[BUG] Cannot clone object DataTypes_Auto_infer as the constructor either does not set or modifies parameter categorical_features
Describe the bug I am trying to stack 7 pretrained models (imported pkl files with pipeline) but I am facing below error when trying to invoke stack_models():
RuntimeError: Cannot clone object DataTypes_Auto_infer(categorical_features=[], display_types=False,
features_todrop=[], id_columns=[],
ml_usecase='classification', numerical_features=[],
target='claim', time_features=[]), as the constructor either does not set or modifies parameter categorical_features
The pretrained models are trained, tuned, and calibrated using pycaret if it makes any difference. Data set has zero categorical values.
To Reproduce
print('Data Setup ...')
setup(
data=train_,
target=target_,
ignore_low_variance = True,
silent= True,
use_gpu = False,
normalize = True,
numeric_imputation = 'mean',
session_id = 202109, log_experiment = False)
# Below is loaded successfully
print('Loading Models ...')
cat0 = load_model('../input/trained-models-0/finilized_model_catboost0')
cat1 = load_model('../input/trained-models-0/finilized_model_catboost1')
lgbm0 = load_model('../input/trained-models-0/finilized_model_lightgbm0')
lgbm1 = load_model('../input/trained-models-0/finilized_model_lightgbm1')
lgbm2 = load_model('../input/trained-models-0/finilized_model_lightgbm2')
lgbm3 = load_model('../input/trained-models-0/finilized_model_lightgbm3')
lgbm4 = load_model('../input/trained-models-0/finilized_model_lightgbm4')
models_list=[cat0,cat1,lgbm0,lgbm1,lgbm2,lgbm3,lgbm4]
# Error is triggered when below is invoked
stacker = stack_models(
estimator_list = models_list,
fold=5,
restack=True,
choose_better=True,
optimize="AUC"
)
Expected behavior Stacker should run without errors
Additional context The error seems to be coming from /opt/conda/lib/python3.7/site-packages/sklearn/base.py . Below is the last stack trace.

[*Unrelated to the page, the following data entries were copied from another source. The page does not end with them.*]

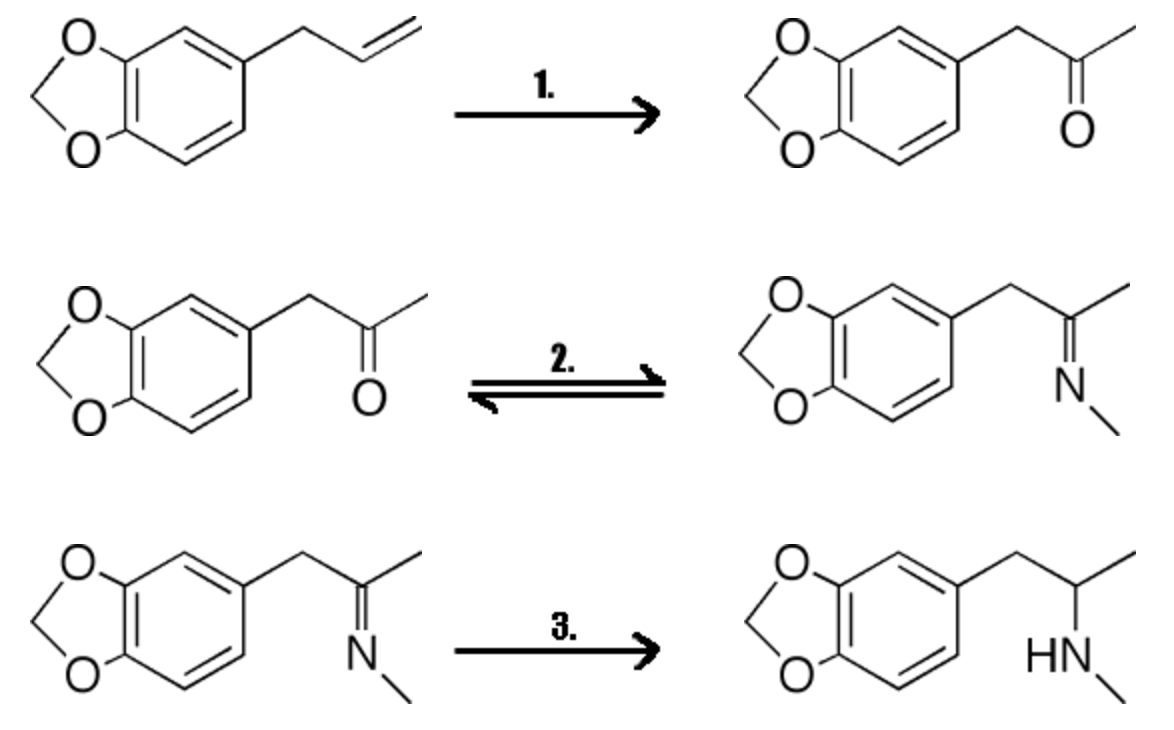 diagram of common mdma molly ecstasy synthesis pathway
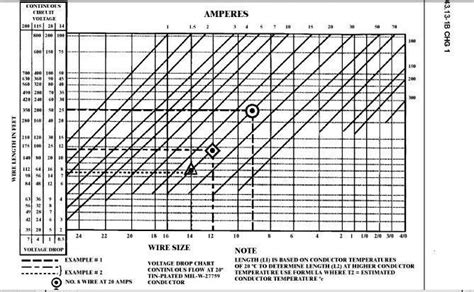 Wire Gauge and Fuse Amperage - Guns and Rovers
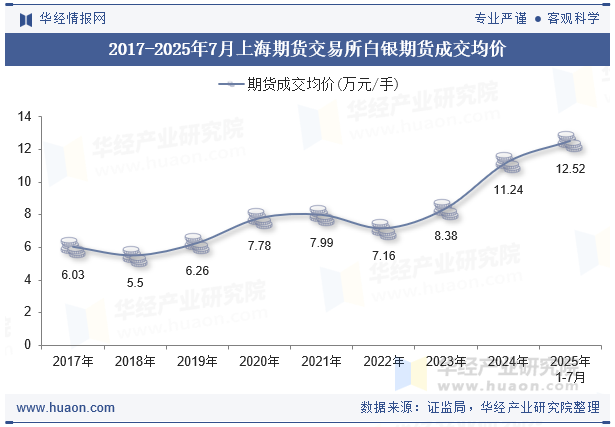 2017-2025年7月上海期货交易所白银期货成交均价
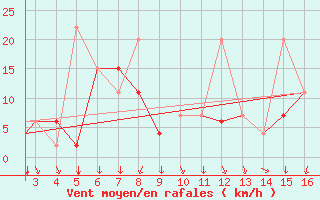Courbe de la force du vent pour Mardin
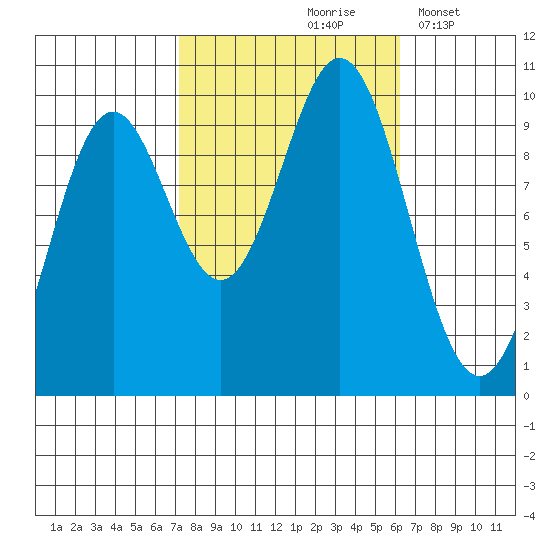 Point St. Albans tide chart for Monday, October 7, 2024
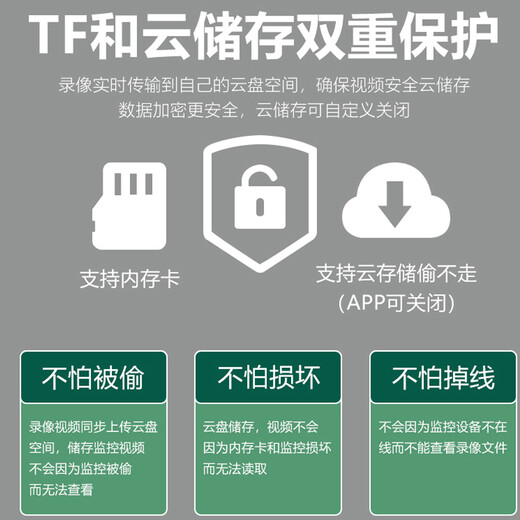 巧度4K超高清摄像头家用4g监控器小巧型无线摄线头带夜视私形无线wifi探头手机远程录像免插电池摄像头 含32G卡】续航款WFI连接+手机远程开关唤醒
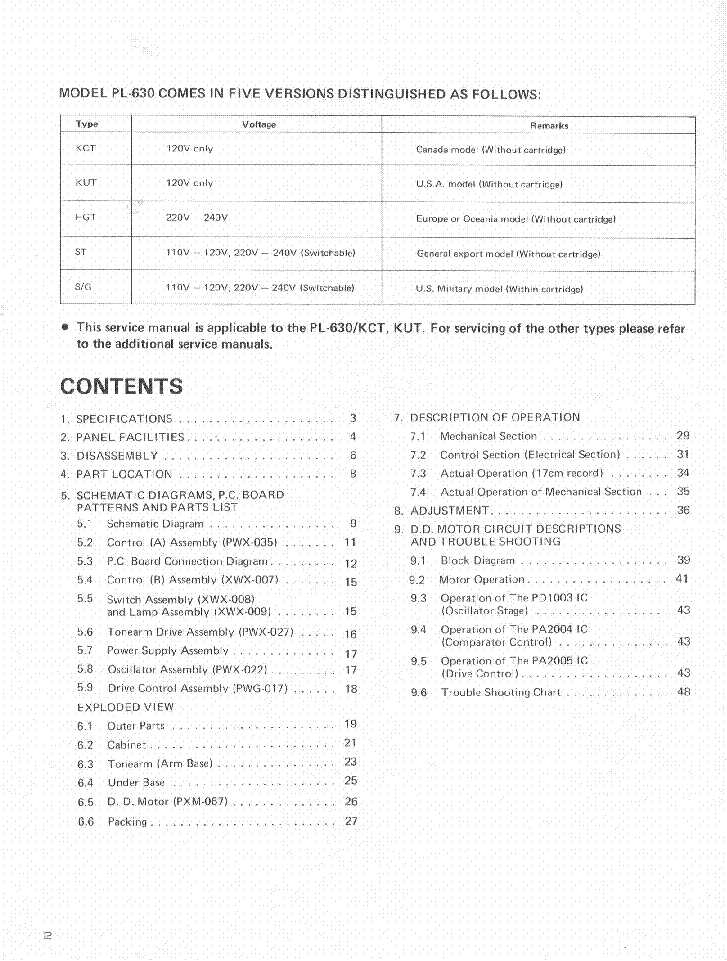 PIONEER PL-630 SM service manual (2nd page)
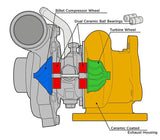 ビレットシリーズ　ターボチャージャー　（EJエンジン専用）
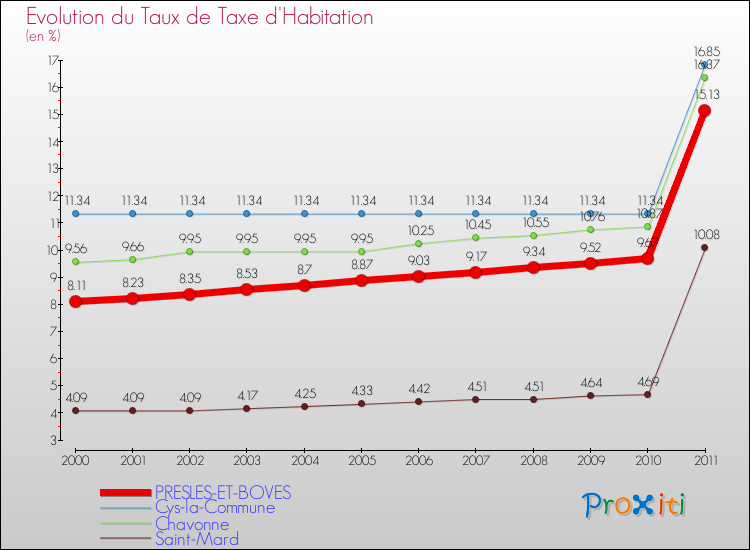 Evolution du taux de la taxe d'habitation pour PRESLES-ET-BOVES et les communes proches Comparaison des taux de la taxe d'habitation pour PRESLES-ET-BOVES et les communes voisines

/opt/conda/lib/python3.7/site-packages/sklearn/base.py in clone(estimator, safe)
96 raise RuntimeError('Cannot clone object %s, as the constructor '
97 'either does not set or modifies parameter %s' %
---> 98 (estimator, name))
99 return new_object
100
Versions
'2.3.3'
Update: The issue seems to happen if model is saved with default parameters. Good News: If I saved the model with parameter "model_only=True" I am able to import it and blend/stack it fine. Bad News: I have to retrain all the models again (I found a very influential feature during another round of EDA so I will have to retrain again anyway).
I will leave the issue open since it is still triggered if model is saved with default parameters (model + pipeline).
If you save the model using model_only=False (which is default), you also save a bunch of metadata along with the model. Hence when you load the model you get back the model along with metadata. Incase you only need the model you can do
pipeline = load_model('pickle_file.pkl')
model = pipeline.named_steps['trained_model']
or save the model with model_only=True in which case you lose the metadata.
The example above then become
# Below is loaded successfully
print('Loading Models ...')
cat0 = load_model('../input/trained-models-0/finilized_model_catboost0')
cat1 = load_model('../input/trained-models-0/finilized_model_catboost1')
models_list=[cat0.named_steps['trained_model'], cat1.named_steps['trained_model']]
# Error is triggered when below is invoked
stacker = stack_models(
estimator_list = models_list,
fold=5,
restack=True,
choose_better=True,
optimize="AUC"
)
@srikarplus, thank for the workaround!
The problem is that I intentionally set model_only=False because I wanted to reproduce exactly the whole pipeline.
It seems that it is actually a bug because the pipeline, as I understand, should be fittable (pipeline.fit(...)) right after loading. Thus, no metadata should break the pipeline execution. Isn't that right?